Situar a problemática em questão, dada a sua complexidade
e acuidade, parece-me ser a primeira tarefa a cumprir, dada a ambiguidade dos
termos que emergem como estruturantes da reflexão que é possível produzir sobre
ela. A indisciplina e a violência são temas que, recorrentemente, surgem em
primeiro plano em muitos dos discursos produzidos sobre a educação e, sobretudo,
sobre a escola, encontrando-se hoje bastante naturalizados e vulgarizados. Normalmente,
têm tendência a emergir em momentos de crise das sociedades, seja essa crise
real ou artificialmente construída. Mas tanto numa como noutra situação, não
deve ser negligenciada a sua abordagem frontal, sob pena de vir a atingir contornos
preocupantes e/ou a prestar-se a aproveitamentos orientados para a prossecução
de agendas ocultas.
Estou convencido que muitos desses discursos possuem uma matriz vincadamente
conservadora, procurando identificar a emergência dos problemas educativos e
sociais com a democracia. Do mesmo modo que têm vindo a consagrar a identificação
entre prática política fundada no diálogo com incapacidade de tomar decisões
(muito por força de uma prática governativa recente de que todos fomos testemunhas...),
também esses discursos têm vindo a estabelecer uma forte conexão entre escola
democrática e facilitismo, iliteracia e ignorância (entre outros epítetos nada
edificantes para a educação que todos temos vindo a produzir).

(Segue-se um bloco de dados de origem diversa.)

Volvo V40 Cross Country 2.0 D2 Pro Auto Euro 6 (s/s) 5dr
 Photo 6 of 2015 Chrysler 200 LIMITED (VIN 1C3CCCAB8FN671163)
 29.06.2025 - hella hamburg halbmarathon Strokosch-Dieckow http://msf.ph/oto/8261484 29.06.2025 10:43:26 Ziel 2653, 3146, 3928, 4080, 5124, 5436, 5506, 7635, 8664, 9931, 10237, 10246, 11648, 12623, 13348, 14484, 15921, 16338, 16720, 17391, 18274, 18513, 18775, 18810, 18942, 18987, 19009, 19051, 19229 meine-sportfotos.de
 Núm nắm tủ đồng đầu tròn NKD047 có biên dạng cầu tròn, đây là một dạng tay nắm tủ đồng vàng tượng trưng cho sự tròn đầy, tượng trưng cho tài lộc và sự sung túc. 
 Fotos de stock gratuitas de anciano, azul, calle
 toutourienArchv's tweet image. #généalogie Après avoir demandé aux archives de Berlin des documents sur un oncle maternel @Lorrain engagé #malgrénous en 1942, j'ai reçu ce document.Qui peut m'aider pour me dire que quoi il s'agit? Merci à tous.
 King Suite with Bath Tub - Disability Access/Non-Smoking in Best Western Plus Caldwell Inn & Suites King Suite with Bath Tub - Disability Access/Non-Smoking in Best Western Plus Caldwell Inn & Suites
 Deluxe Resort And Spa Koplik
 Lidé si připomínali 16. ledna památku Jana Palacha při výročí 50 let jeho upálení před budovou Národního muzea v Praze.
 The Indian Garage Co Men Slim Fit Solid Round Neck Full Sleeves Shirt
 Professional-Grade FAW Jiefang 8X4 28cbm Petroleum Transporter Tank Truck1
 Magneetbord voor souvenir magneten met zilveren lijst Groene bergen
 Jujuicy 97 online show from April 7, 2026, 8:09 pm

Muitos são os exemplos que poderia elencar para comprovar esta tentativa conservadora
de recuperação da escola tradicional e dos seus valores, mas o que importa aqui
evidenciar é o papel que conceitos como indisciplina e violência normalmente
assumem nesse processo. Se, de facto, as nossas escolas fossem palcos onde aqueles
conceitos tivessem correspondência efectiva, seria fácil perceber a centralidade
de que se têm vindo a revestir.
Mas, como no-lo evidenciam os estudos produzidos em Portugal sobre aquelas problemáticas,
tal situação não se verifica, sendo mesmo considerados como aspectos residuais
no funcionamento das escolas portuguesas. O que efectivamente parece ocorrer
é a uma amplificação de algumas situações, claramente localizadas e caracterizadas,
por parte de algumas formações políticas e de certa imprensa de matriz neoliberal
que, sobretudo desde meados da década de noventa, tem encontrado na escola e
na educação a fonte primária para as suas investidas conservadoras contra o
Estado Social e a Escola Democrática e Pública. Sou de opinião que os temas
da indisciplina e da violência nas escolas possuem o mesmo estatuto sociológico
que os da (in)segurança no campo social, ou seja, ambos apontam para o reforço
das estruturas de controlo social das instituições e das pessoas e não para
o aprofundamento da democracia e da participação dos cidadãos nas diferentes
esferas em que a primeira se constitui.
Se o tema proposto pela Página da Educação contribuir para um debate crítico
sobre estas (e outras) questões que enumerei, nomeadamente a desconstrução dos
conceitos de stress (o conceito de conflito parece-me mais adequado à reflexão
sobre o chamado "mal-estar docente" e ao estudo da escola em geral), de indisciplina
e de violência (dos alunos, apenas?!), então a sua escolha terá sido adequada.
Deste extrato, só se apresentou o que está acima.